■ **Recorded data**
--------

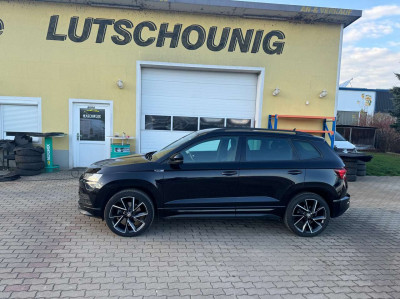 Skoda Karoq Gebrauchtwagen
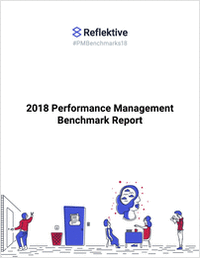 2018 Performance Management Benchmark Report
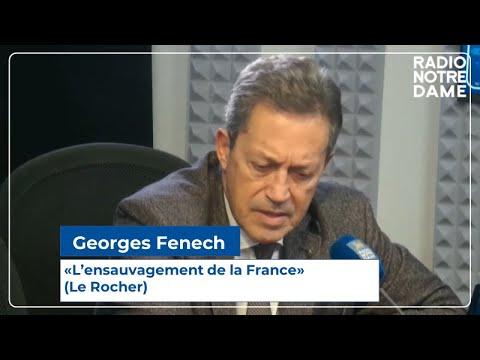 Georges Fenech -  Le Grand Témoin - 30/10/2023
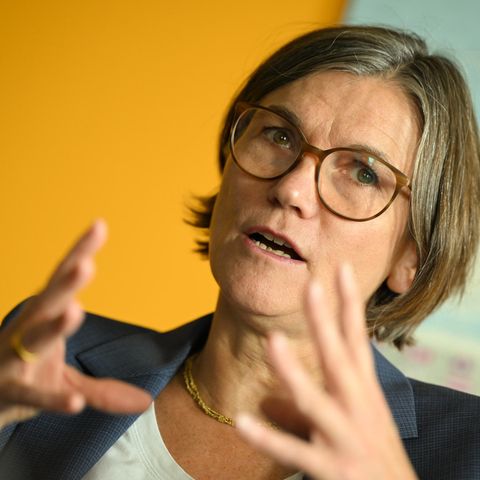 Christiane Benner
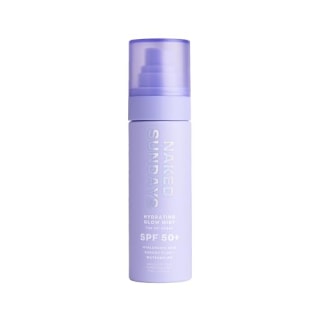 Naked Sundays SPF 50 Hydrating Glow Face Mist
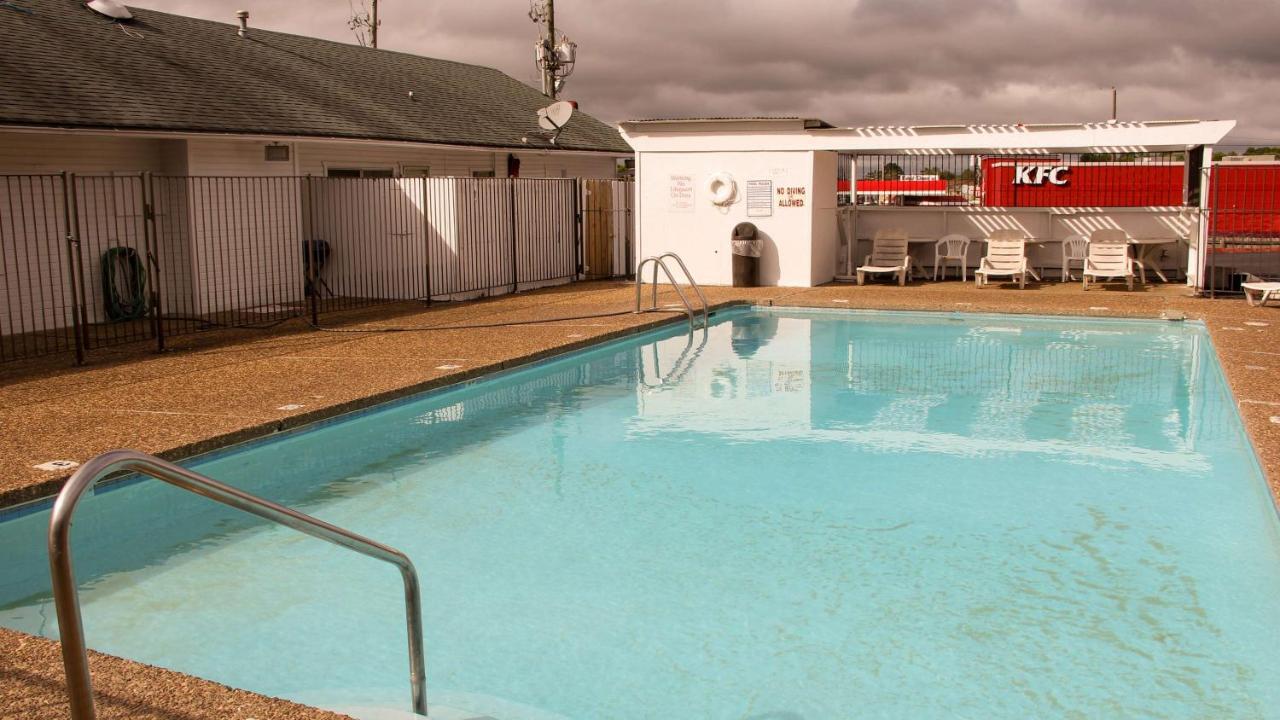Motel 6-Fayetteville, Ar Dış mekan fotoğraf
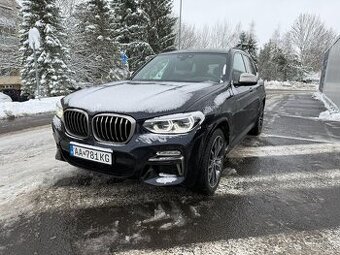BMW X3 M40i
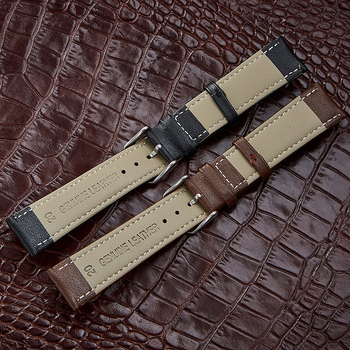 Pulksteņa siksna no īstas ādas, Napa raksts, 500 gab., GETALIA/Getaria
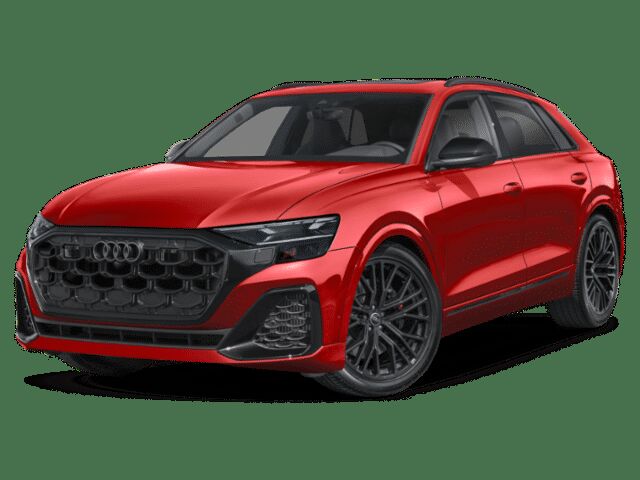 2026 Audi SQ8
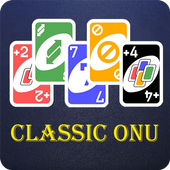 Classic UNOO | Crazy 8 Card game icon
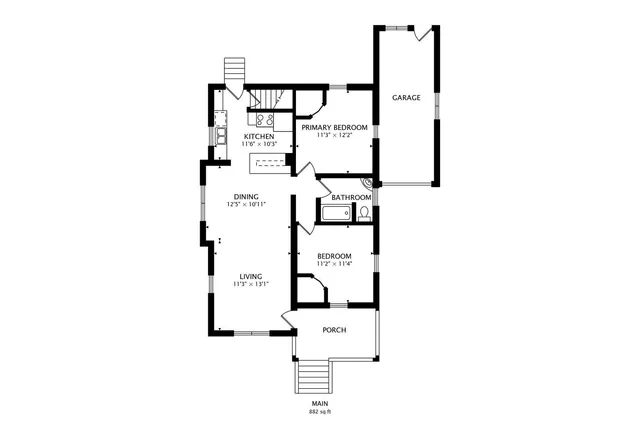 $449,900 | 121 West Fremont Street, Arlington Heights, IL 60004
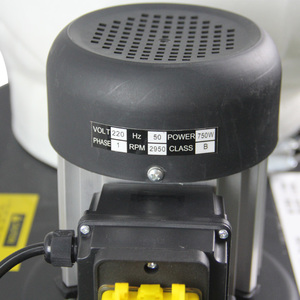 Fusai 550W Silent  Small  Type Vertical  PVC Bag Dust Collector  Vacuum Cleaner - Product Image 5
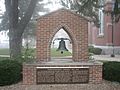 Sesquicentennial memorial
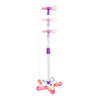 Singing Machine Kids Star Stage Singalong Speaker with Microphone Stand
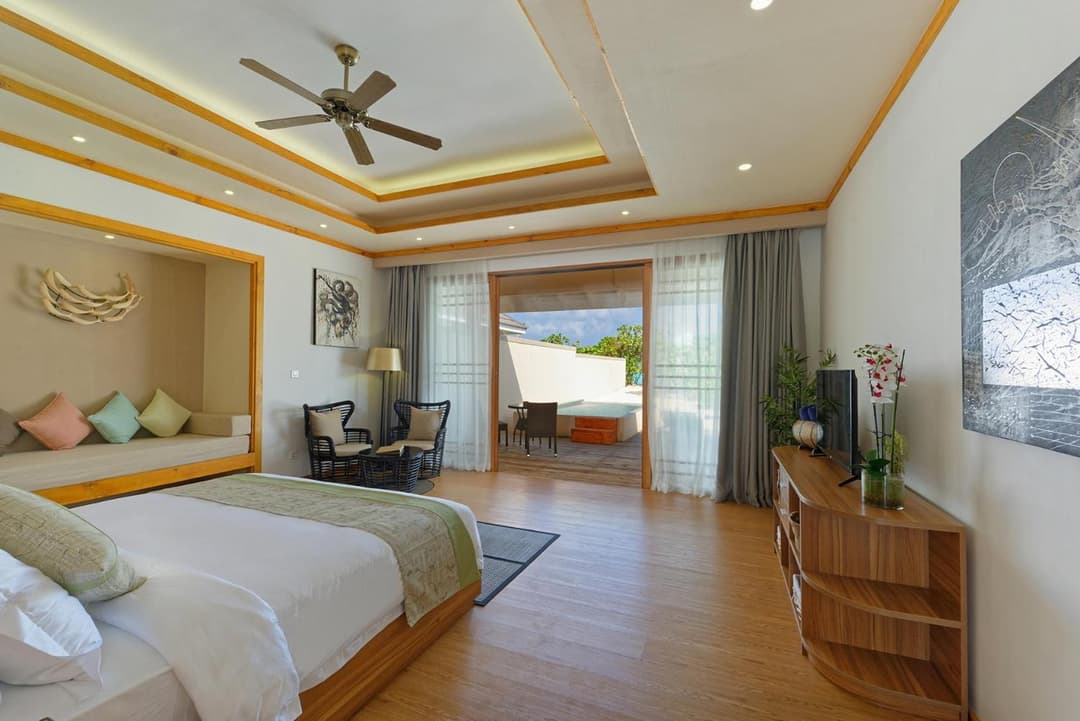 Brennia Kottefaru Maldives - View 57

--------

■ **Exercise requirements**
All of the entries above are to be transcribed word for word, with no pictures included.

■ **Worked solution**
 Skoda Karoq Gebrauchtwagen
 2018 Performance Management Benchmark Report
 Georges Fenech -  Le Grand Témoin - 30/10/2023
 Christiane Benner
 Naked Sundays SPF 50 Hydrating Glow Face Mist
Motel 6-Fayetteville, Ar Dış mekan fotoğraf
BMW X3 M40i
 Pulksteņa siksna no īstas ādas, Napa raksts, 500 gab., GETALIA/Getaria
 2026 Audi SQ8
 Classic UNOO | Crazy 8 Card game icon
 $449,900 | 121 West Fremont Street, Arlington Heights, IL 60004
 Fusai 550W Silent  Small  Type Vertical  PVC Bag Dust Collector  Vacuum Cleaner - Product Image 5
 Sesquicentennial memorial
 Singing Machine Kids Star Stage Singalong Speaker with Microphone Stand
 Brennia Kottefaru Maldives - View 57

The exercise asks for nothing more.